In the bitcoin economy, time really is money. Every 10 minutes or so, mining machines compete with each other to solve a math problem to win 12.5 bitcoins, a reward set by the bitcoin software. The work is akin to trying out billions of combinations of numbers on a safe. The miner who gets the right combination the fastest unlocks the safe. The more machines you have, the greater your chances of earning coins.

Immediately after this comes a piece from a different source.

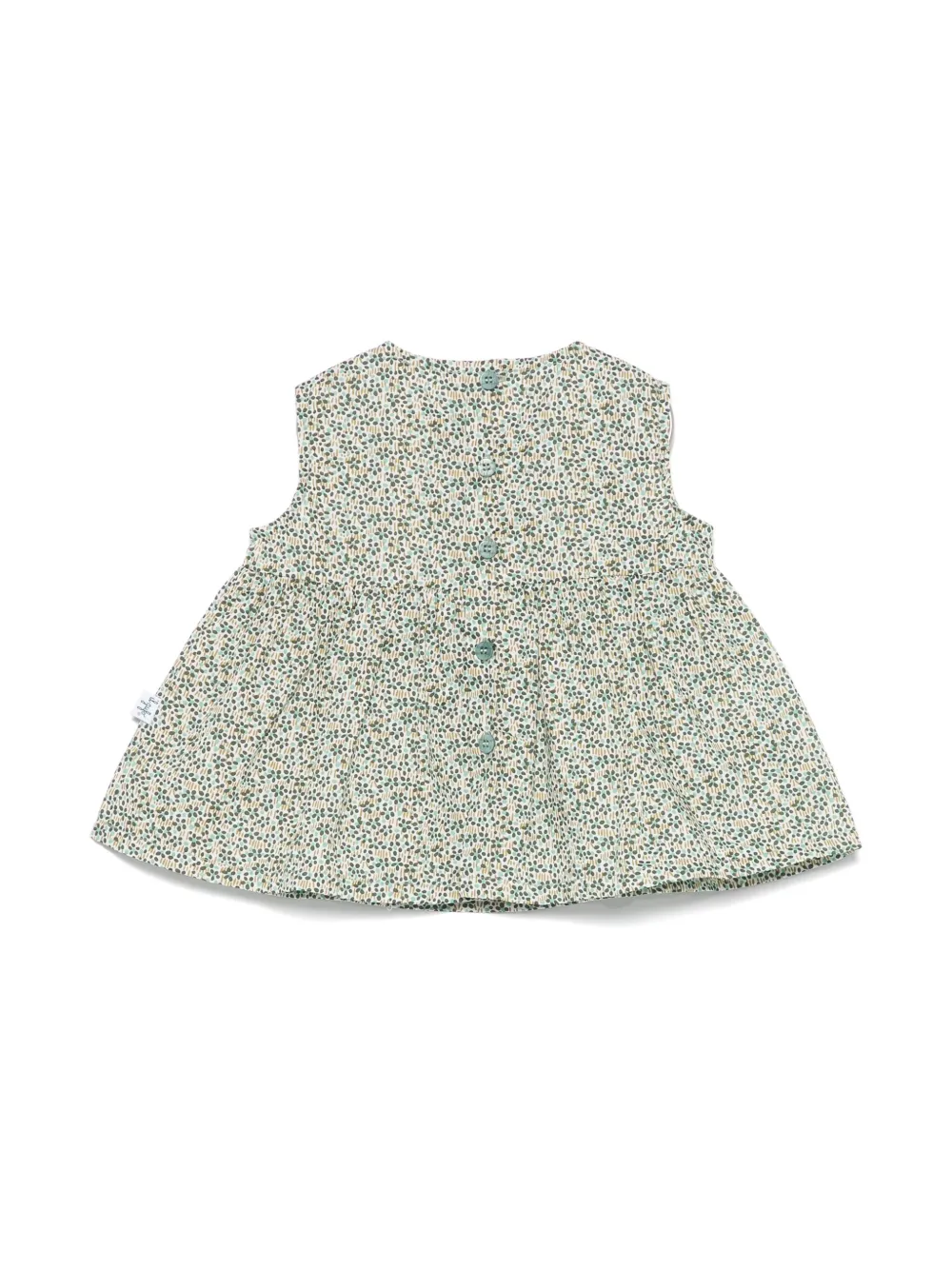 Il Gufo Short-Set mit Blumen-Print | Kurze Sets | Image 2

The whole economy around bitcoins (“the stateless digital currency whose total market value has more than quadrupled this year to $70 billion”) mesmerises me. It is as if a whole parallel universe exists — a universe where not just the currency, but the rules and the rulers transcend the limits of the real world. It stumps me though to think that whoever is capable of owning huge wearhouses, being called mines now, that host nearly unlimited processing power will soon govern this universe. And the most prestigious job available would be to tend to the machines generating this power.
Machines at the mine break all the time, given there are 25,000 devices. It’s a game of whack-a-mole: After one is fixed, another broken machine crops up. “I just try my best to check as many as possible,” said Hou, who tends to the machines daily from 8:30am to 6:30pm.
All day and night, using laptops, they monitor the status of the machines, and go into “the field”—the eight buildings that house them—to check on malfunctioning ones.
As a side note, I read this and feel automation is banging on the doors to dismantle the life of these so called miners. This parallel universe will not be run as it is today. Disruption is waiting to happen when everything of a world goes digital.